安倍晋三の祖父・岸信介が統一協会と結託した1960年代は、共産主義の脅威があったから「反共」で手を組んだのもやむを得なかったという見方もある。
だが、仮にそれが正しいとしても、現在において日本が共産化されるという脅威を感じている人など、どこにもいないはずだ。
もうイデオロギー闘争ではないから、反共は関係ない。中国やロシアですら、今や実質的には共産主義を捨てており、中国・ロシアとの戦いは共産主義との戦いではなく、「独裁権威主義」との戦いになっているわけで、現代において統一協会との協調点など、どこにもないのだ。
ところが保守派という連中は、今なお「反共」で統一協会と組んでいる。男女平等も、夫婦別姓、同性婚、反基地、脱原発も、全て日本共産党が賛成していることだから、共産党を敵として「反共」を掲げることで、辛うじて成立しているかのような形になっているのだ。

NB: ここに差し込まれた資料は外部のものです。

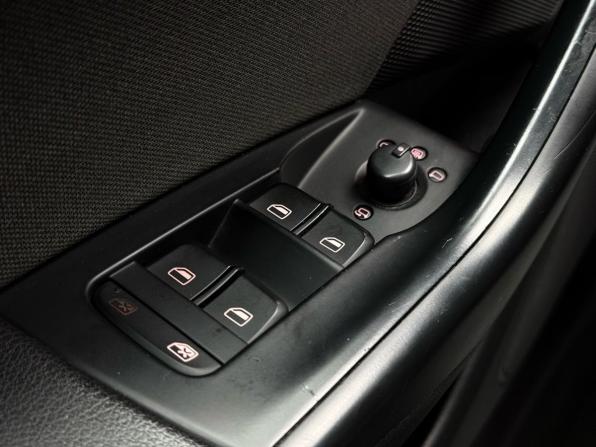 Audi Q3 I (8U) Рестайлинг с пробегом 2015 года, цена 1 799 000 рублей, 109500 км, внедорожник, Автокод Объявления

言ってみれば、共産党がいてくれるおかげで存在意義が維持できているようなものなのであり、統一協会は共産党に感謝すべきだろう。
そこまで無意味な「反共」のために統一協会と組み、「反共」であれば自虐史観でさえ許すという、転倒しまくっている連中が自民党・保守派・ネトウヨなのである。
「論破祭り」をやったおかげでいろんな情報がもたらされて、自称保守知識人・論壇から自民党・安倍政権まで全てがペテンで、統一協会と完全につるんでいたことが明らかになった。
安倍晋三が統一協会とベッタリの関係だったから、その子分の萩生田光一も安心して統一協会と「ファミリー」になっていたのだろうし、安倍の肝煎りで擁立した生稲晃子を落選させるわけにはいかないと、協会施設に連れて行ったのだろう。
その統一協会が何をやっている団体なのかということに、少しでも心を動かされることはなかったのだろうか?
わしは叔母が洗脳された被害者そのものの立場で、奪還作業までやったから、統一協会が「悪」だということが明確に分かっている。そして、そんな悪魔と平気で手を握れる奴がいるということがとても信じられない。
統一協会信者の家族などの被害者が語る惨状を聞けば、誰だって協会に対する憎悪を持つはずだ。
自民党の奴らには、なぜその憎悪が全く湧かないのか?もはや、人の心を失っているとしか思えない。票のために人の心を捨てた「餓鬼」と化しているのだ。
日本の自称保守はほとんどが統一協会である。
特に八木秀次は若い頃から頻繁に講演したりインタビューを受けたりしているのだから、これも「ファミリー」みたいなものだ。もはや、八木が統一協会を男系派に洗脳したのではなく、八木が統一協会の思想に洗脳されていたのだとしか思えない。
男系を唱えているネトウヨも、本当にそれがネットでウヨク気味のことを言っている一般人なのかどうかは分かったものじゃない。実際は「ネトウヨ=統一協会信者」だろう。あるいは、知らず知らずのうちに統一協会に洗脳されている者もいるだろう。
論破祭りと、安倍晋三殺害事件から注目されるようになった統一協会問題が奇妙にドッキングして、情報が次々明らかになっていき、男系固執派と統一協会はしっかりタッグを組んでいて、ほとんど一心同体になっているということまであぶり出されてしまった。
これはすごい功績であり、「論破祭り」は革命的な運動だったということになる。
今までわしは、男系固執派の中には極左が潜んでいると思っていたし、実際に極左もいるのだろうが、実は男系派を支配していたのは反日カルトだったのだ。
極左は、男系に固執すれば皇統は滅びるということが分かっていて全く自覚的にやっているはずだが、反日カルトもきっと同様であろう。